> **Work order**: Make an exact transcript of the lines in the data below, starting with the one containing "Saint Tropez Location" and going on through the one containing "2 Bedroom Flat", with both included and the pictures left out.

> **Listed entries**:
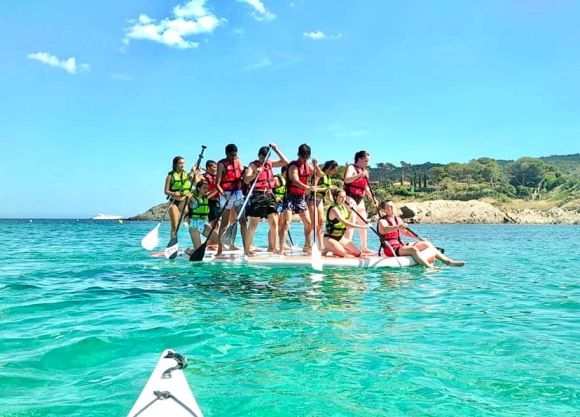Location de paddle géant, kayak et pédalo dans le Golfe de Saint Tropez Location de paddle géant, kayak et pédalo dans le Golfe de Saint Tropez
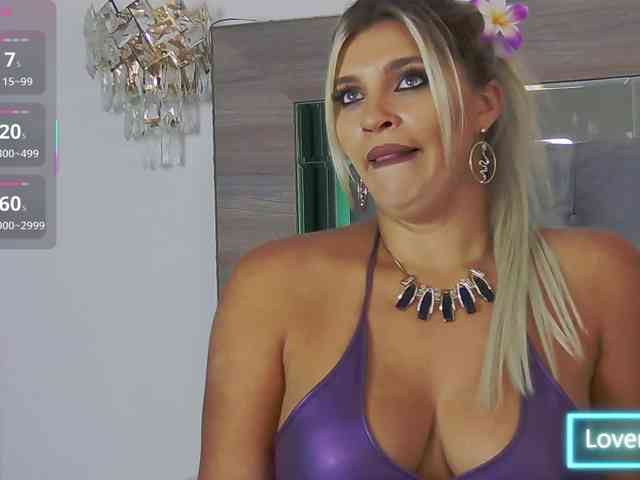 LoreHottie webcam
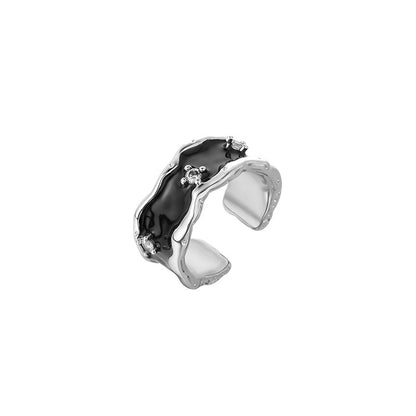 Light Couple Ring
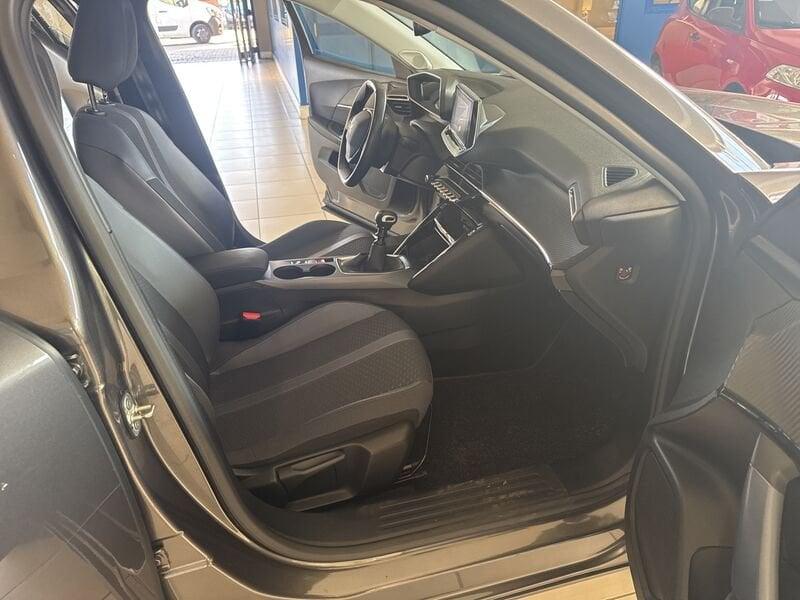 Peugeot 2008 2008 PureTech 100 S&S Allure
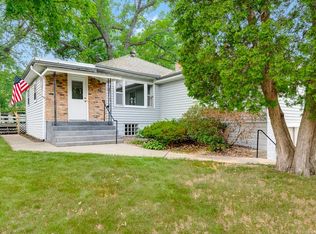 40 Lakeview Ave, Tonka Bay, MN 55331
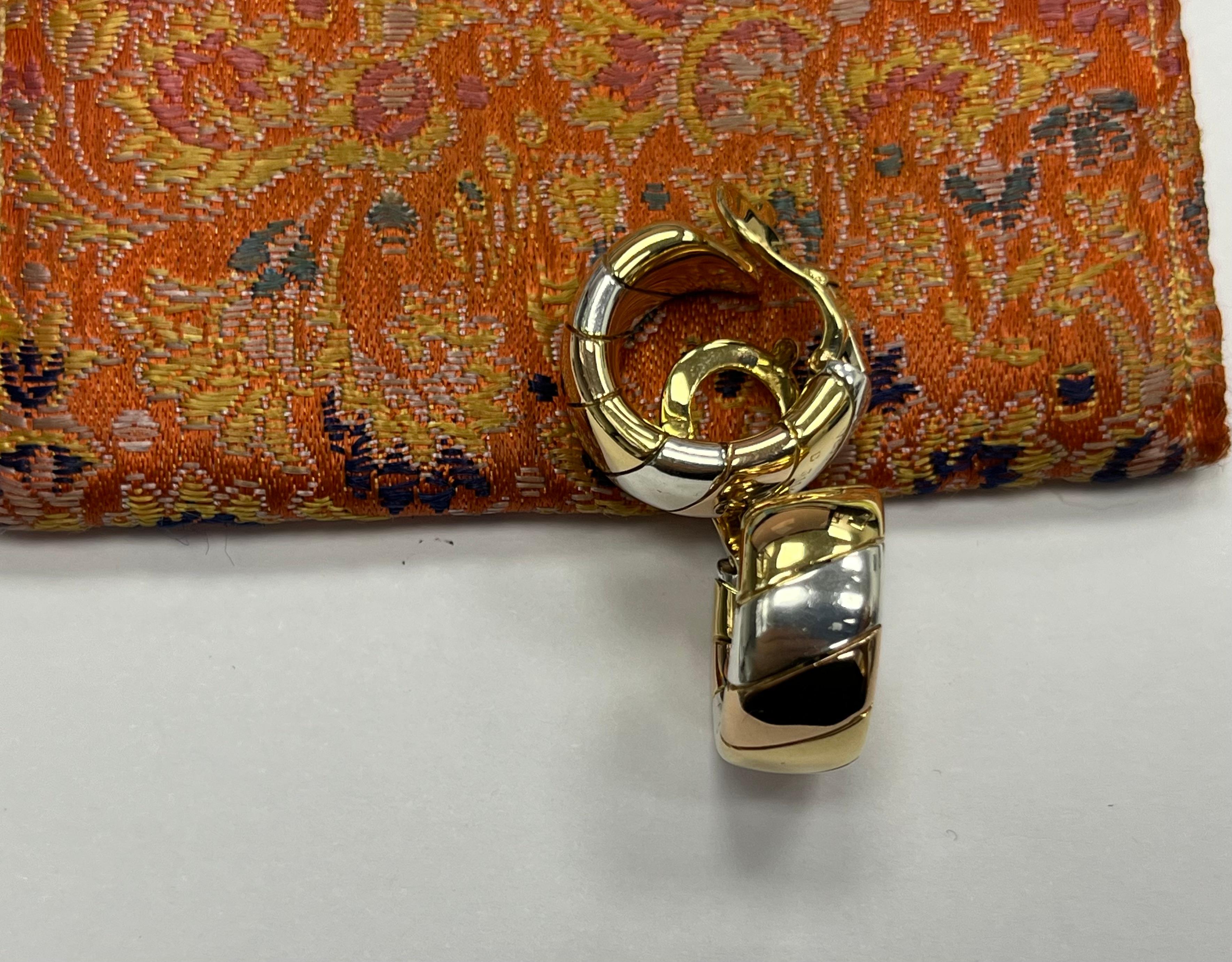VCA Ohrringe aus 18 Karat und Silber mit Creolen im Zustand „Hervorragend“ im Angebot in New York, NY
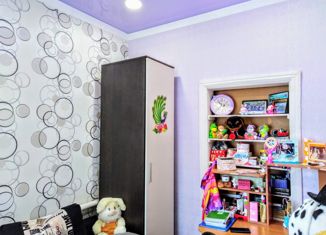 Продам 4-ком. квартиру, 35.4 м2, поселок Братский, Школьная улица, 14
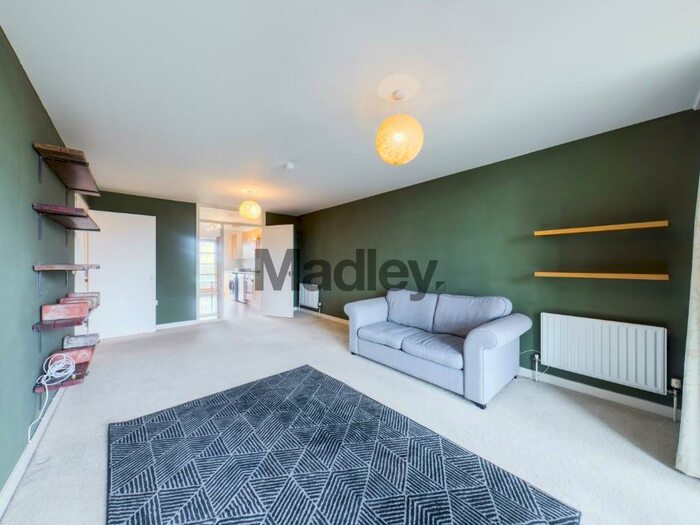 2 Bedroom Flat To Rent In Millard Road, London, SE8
---
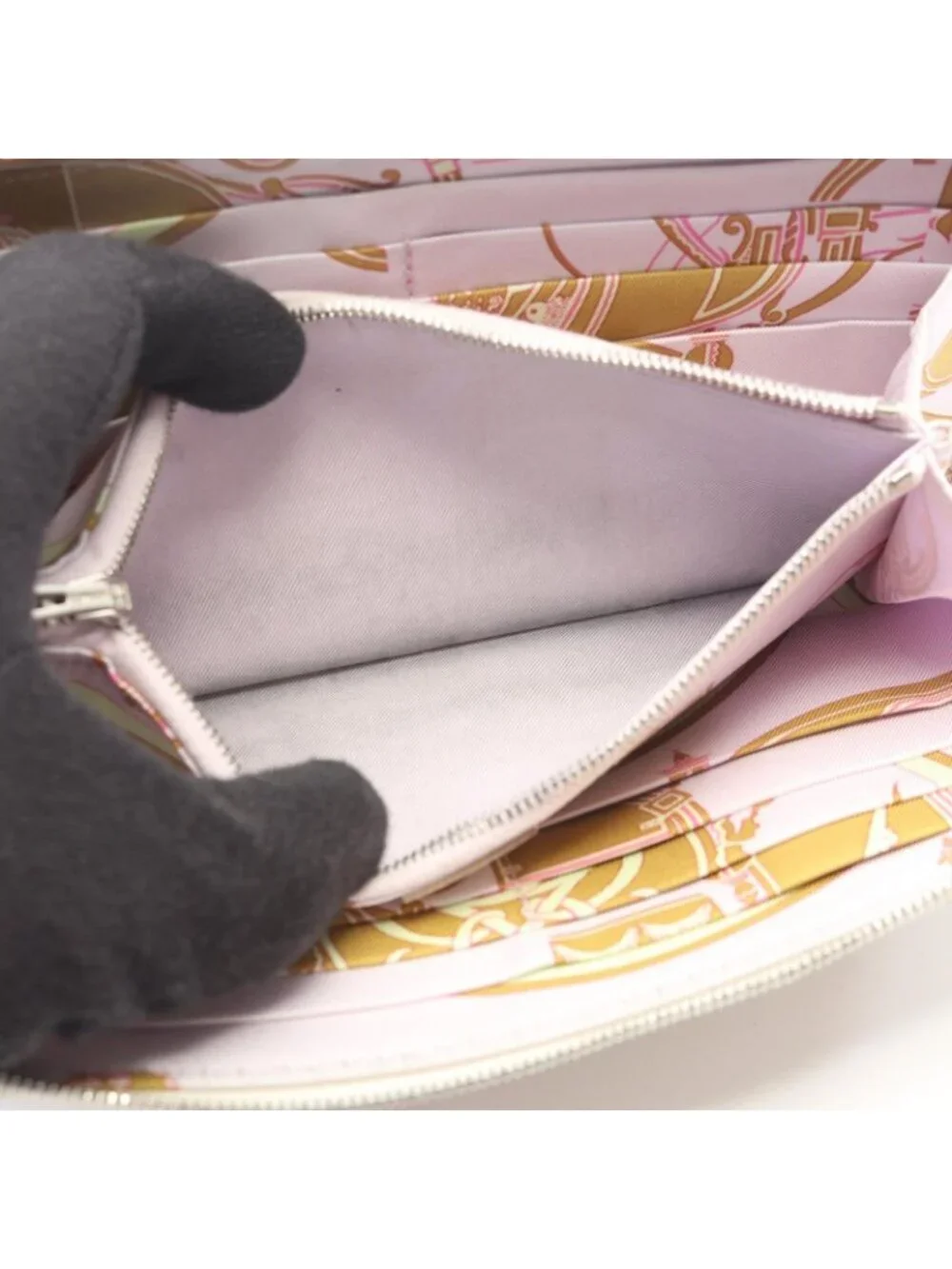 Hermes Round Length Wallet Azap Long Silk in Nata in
--
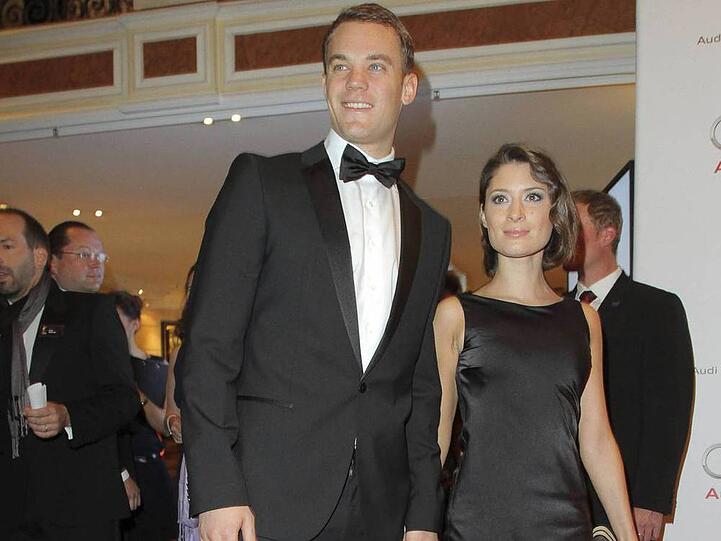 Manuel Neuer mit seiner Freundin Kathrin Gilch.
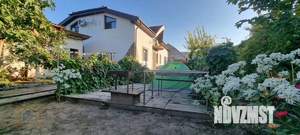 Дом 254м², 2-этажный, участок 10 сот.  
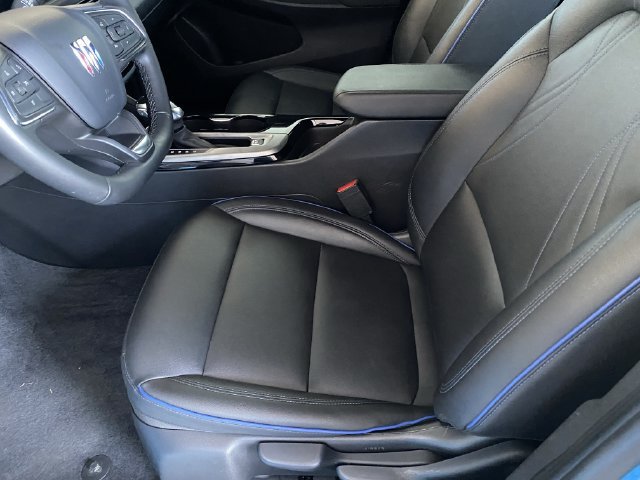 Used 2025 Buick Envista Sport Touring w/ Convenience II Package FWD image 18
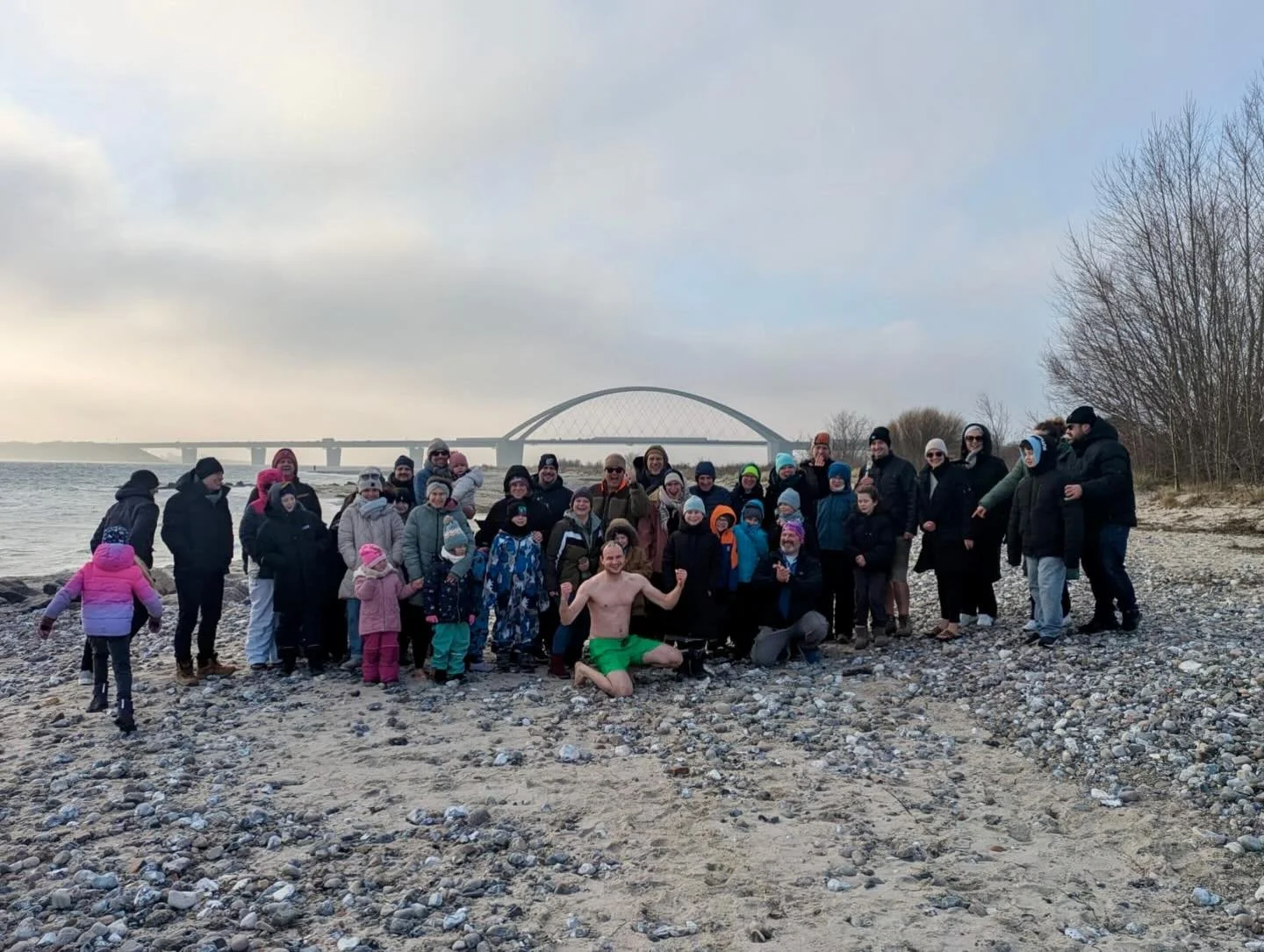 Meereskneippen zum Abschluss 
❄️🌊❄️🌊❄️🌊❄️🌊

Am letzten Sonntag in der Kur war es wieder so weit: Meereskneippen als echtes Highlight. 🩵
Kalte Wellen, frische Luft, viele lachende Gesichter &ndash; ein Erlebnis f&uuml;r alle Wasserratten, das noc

> **Written solution**:
Location de paddle géant, kayak et pédalo dans le Golfe de Saint Tropez Location de paddle géant, kayak et pédalo dans le Golfe de Saint Tropez
 LoreHottie webcam
 Light Couple Ring
 Peugeot 2008 2008 PureTech 100 S&S Allure
 40 Lakeview Ave, Tonka Bay, MN 55331
VCA Ohrringe aus 18 Karat und Silber mit Creolen im Zustand „Hervorragend“ im Angebot in New York, NY
 Продам 4-ком. квартиру, 35.4 м2, поселок Братский, Школьная улица, 14
 2 Bedroom Flat To Rent In Millard Road, London, SE8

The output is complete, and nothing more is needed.